Instructor: Grace Pisano

Grace has taught high school history in several states with a master's degree in teaching.

Women in the Bronze Age made significant contributions to society through their travels and role in spreading culture, technology and ideas. In this lesson, learn how Bronze Age women shaped their own societies and the world.

Women on the Move

The Bronze Age, a time period beginning around 3000 BCE, followed the Neolithic Age and designates the time period when people began to use bronze and other metals. Since this time period happened so long ago, you would think that historians and researchers had discovered everything there was to know about the Bronze Age; however, it is simply not true. In fact, new information about the role of women in the Bronze Age is still being discovered in the 21st century! Let's look at some important (and surprising!) facts about Bronze Age women and what research into the lives of women says about society during this time.

Context of the Bronze Age

The Bronze Age was a time of great cultural exchange between societies. This was the first time in history where ideas from one culture were regularly spread to other cultures. Studies of bodies from the Bronze Age show that women were responsible for this exchange! In fact, one study looked at 84 men and women who were buried between the end of the Neolithic Era and the beginnings of the Bronze Age. Two-thirds of these women traveled and lived in different places during their lives, but the majority of the men stayed close to home. How do historians know this from looking at bodies? When you spend time in different places, your teeth and hair pick up the strontium isotopes that are associated with certain places. So, it is by examining the hair and teeth that they made this discovery! Researchers assume that the women who traveled did so to spread technology, culture and start families.

The Egtved Girl

The remains of the Egtved Girl. What is the circular object still intact?

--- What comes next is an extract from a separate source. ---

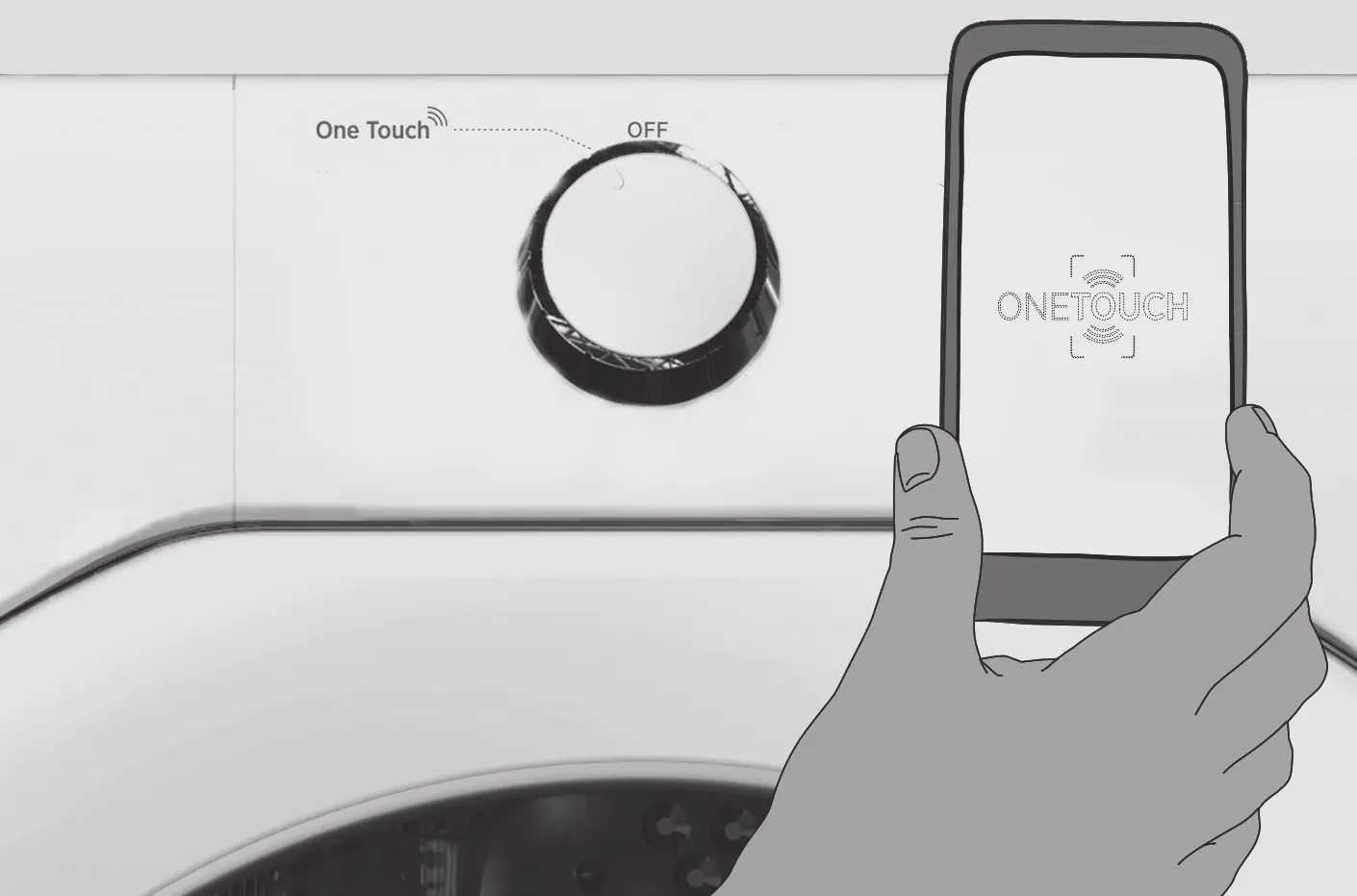 Korzystanie z funkcji One Touch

The most studied example of a Bronze Age woman is referred to as the Egtved Girl. Her body was discovered outside of Egtved, Denmark. She died around 1370 BCE and is estimated to have been between 16 and 18 when she died. Looking at the minerals in her hair and teeth, researchers have concluded that she traveled over 500 miles between the place she was born and the place she died. Now, this doesn't seem like too great a distance to travel in a lifetime, does it? However, looking at her hair, researchers concluded that within thirteen months of her death, she traveled from the place she was born, to an area near the Jutland Peninsula in Demark. She stayed there for about 9 months, then went back to her place of birth and then to England. This is a lot of travel for one person!

Although there are no written records about why the Egtved Girl traveled so frequently, there are two schools of thought today. The first group of historians believe that she was married away to secure an alliance. During the Bronze Age, we see the growth in alliances between different states. The other school of thought paints the Egtved Girl in a much more powerful light. This group of historians think that her frequent back-and-forth travel shows that she had political power. In other words, this would indicate that the women of the time were the ones who had political power.